The dog jumped and the small girl in the wheelchair seemed to be responsible. The teachers kept watching. The dog jumped again and this time, the teachers were sure: Annabelle had meant to do it. She had pressed the small button clasped in her hand, and she had looked up to see if the toy dog backflipped. She had understood cause and effect.

For the staff at the special school, it was cause for celebration. Their provision is for pupils with extremely severe learning difficulties and disabilities; children who have had little expected of them. But the teachers there have high expectations for every child, and the lives of pupils like Annabelle are transformed as a result.

Annabelle’s story may seem like a solid case study to support the high-expectations narrative. This states that we cannot let our perceptions of a child limit their opportunity to achieve, so expecting the utmost of everyone ensures that we do not unwittingly put a ceiling on attainment.

But Annabelle benefited from a highly contextual and individualised approach - something that’s so often out of reach for mainstream teachers, who are forced into a more general aim of the highest point of academic achievement for every pupil.

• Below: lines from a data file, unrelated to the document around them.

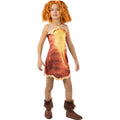 Holbewoner Oervrouw Eep The Croods Meisje Kostuum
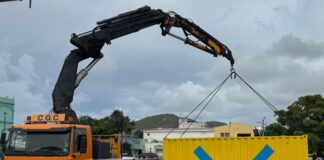 Sint Maarten Library Announces Demolition of Old Building, Paving the Way for a Modern Future
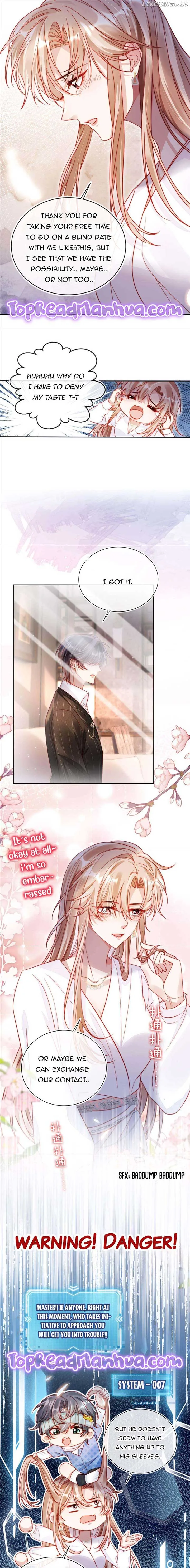 Help, the Villain I Wrote About Is Here Chapter 1 page 5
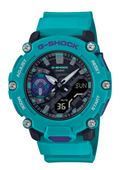 Casio G-Shock Standard Analog Digital GA-2200-2A GA2200-2 Men's Watch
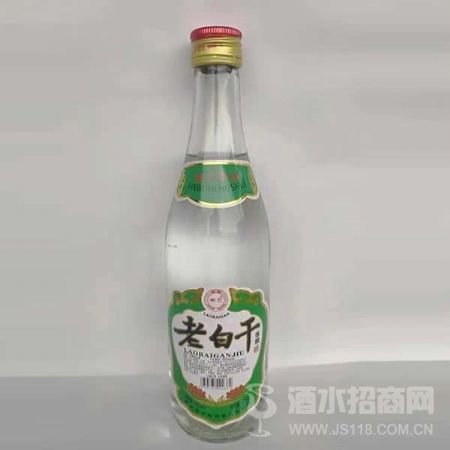46度老白干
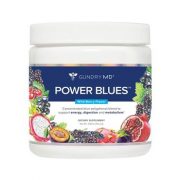 Gundry MD Power Blues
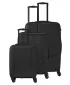 Kufor TRAVELITE BALI S,M,L ČIERNA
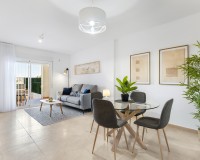 Nouvelle construction - Appartement - Orihuela Costa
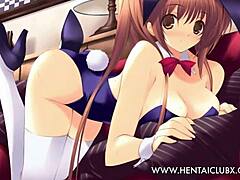 Anime Girls Sexy Anime Girls10 Ecchi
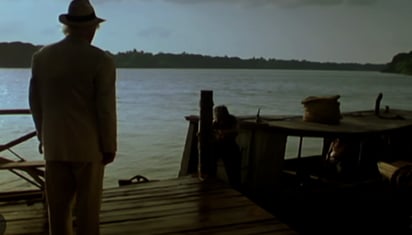 En Netflix después de 25 años: Esta joya del cine mexicano basada en una obra literaria llega al streaming: El coronel no tiene quien le escriba: Arturo Ripstein y su conmovedora adaptación de García Márquez, ahora en streaming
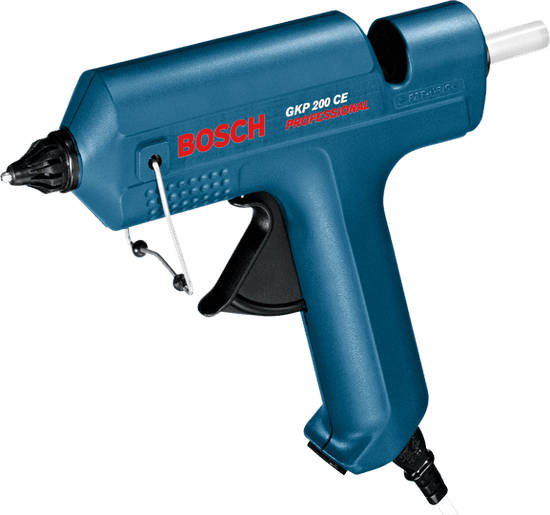 BOSCH Professional lepilna pištola GKP 200 CE (0601950703)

This brings challenges. Cognitive psychology researchers talk about our need to struggle so as to get the most learning gains. However, as pioneers Elizabeth and Robert Bjork have stated, difficulties need to be desirable. What makes a difficulty undesirable? “If the learner does not have the background knowledge or skills to respond to [the difficulties] successfully, they become undesirable,” the academics state in a 2009 book chapter.

Teachers need training and time

In theory, this is where the scaffold that is central to the high-expectations movement comes in - those skills are “added” into the task according to the need of each child. Thus, the unattainable becomes attainable; the difficulty becomes desirable.

But how successfully are teachers able to do that scaffolding currently? Is there the time and the training - or the right discussion happening - to get it right? Is it coming at a cost of teacher burnout?

At Annabelle’s school they were able - owing to a low student-to-teacher ratio and detailed medical and social assessments - to know every child well enough that high expectations were incredibly fine-tuned to each pupil. Stretch was highly calculated to fall just into the desirable zone; celebrations of progress were pitched at the right levels at the right moments.

My worry is that such precision is impossible in the high-pressure, high-accountability, time-poor conditions of mainstream education. And a failure to acknowledge this could result in damaging unintended consequences.

One possibility is a misdiagnosis of SEND (special education needs and disability): a recent Ofsted report found that children struggling to access the curriculum were being labelled as SEND when the problem was actually that they needed a different approach to teaching. But more generally, self- esteem and engagement could be negatively affected and to support those pupils, we would need to fully understand where those damaging feelings were coming from.

There is no criticism of teachers here: the logic of high expectations is sound. But it’s clear that at a policy level we need to take a moment to appreciate that humans are complex and that teachers need training and time to achieve a functional high-expectations model. We need to properly set out what scaffolding should be for a given individual. And we need to recognise that unfortunately, unlike the toy dog, we can’t push a button and guarantee a backflip.